PROBLEM DETAILS:
Would you restate the full listing word for word and omit its pictures?

DATA:
::::::::

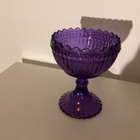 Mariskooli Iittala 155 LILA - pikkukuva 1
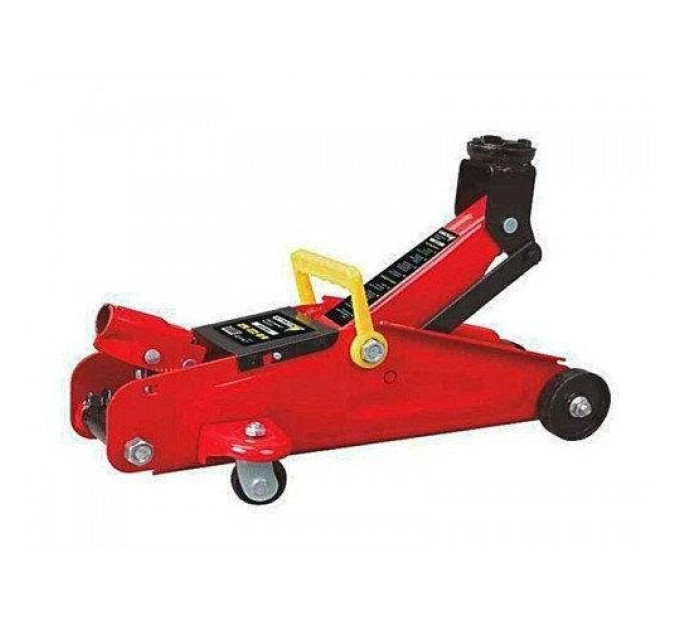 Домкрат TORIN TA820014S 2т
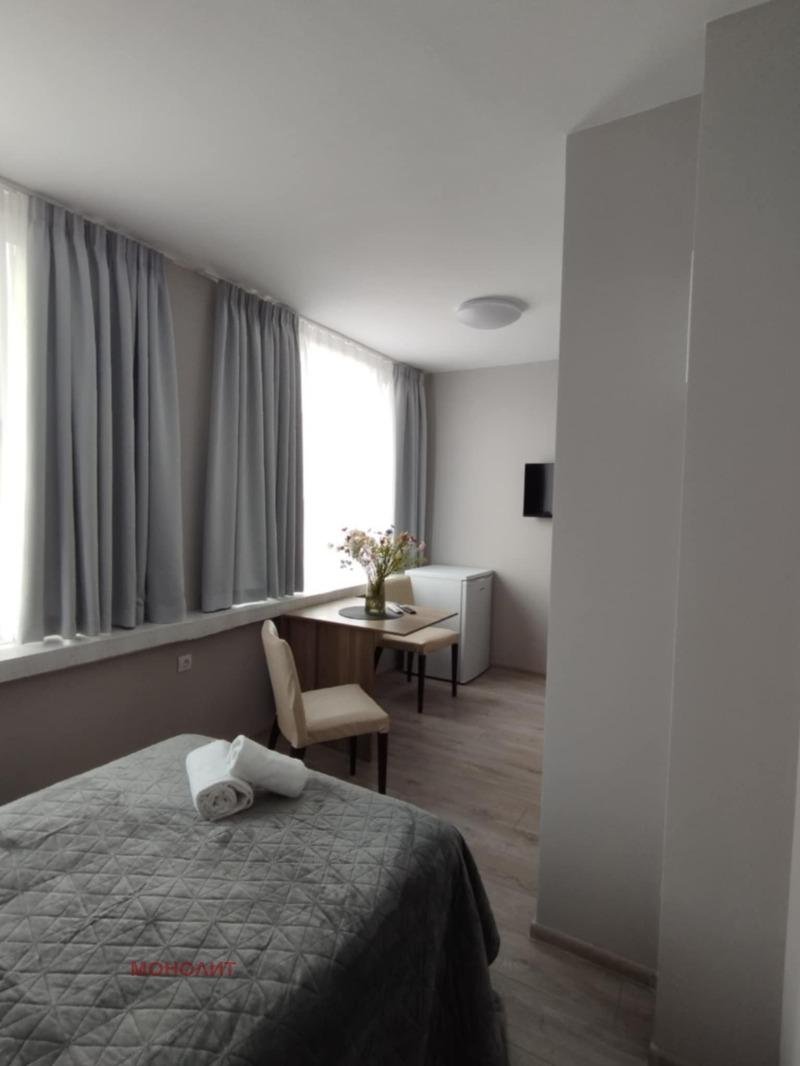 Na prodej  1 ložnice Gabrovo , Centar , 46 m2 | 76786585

::::::::

RESPONSE:
 Mariskooli Iittala 155 LILA - pikkukuva 1
 Домкрат TORIN TA820014S 2т
 Na prodej  1 ložnice Gabrovo , Centar , 46 m2 | 76786585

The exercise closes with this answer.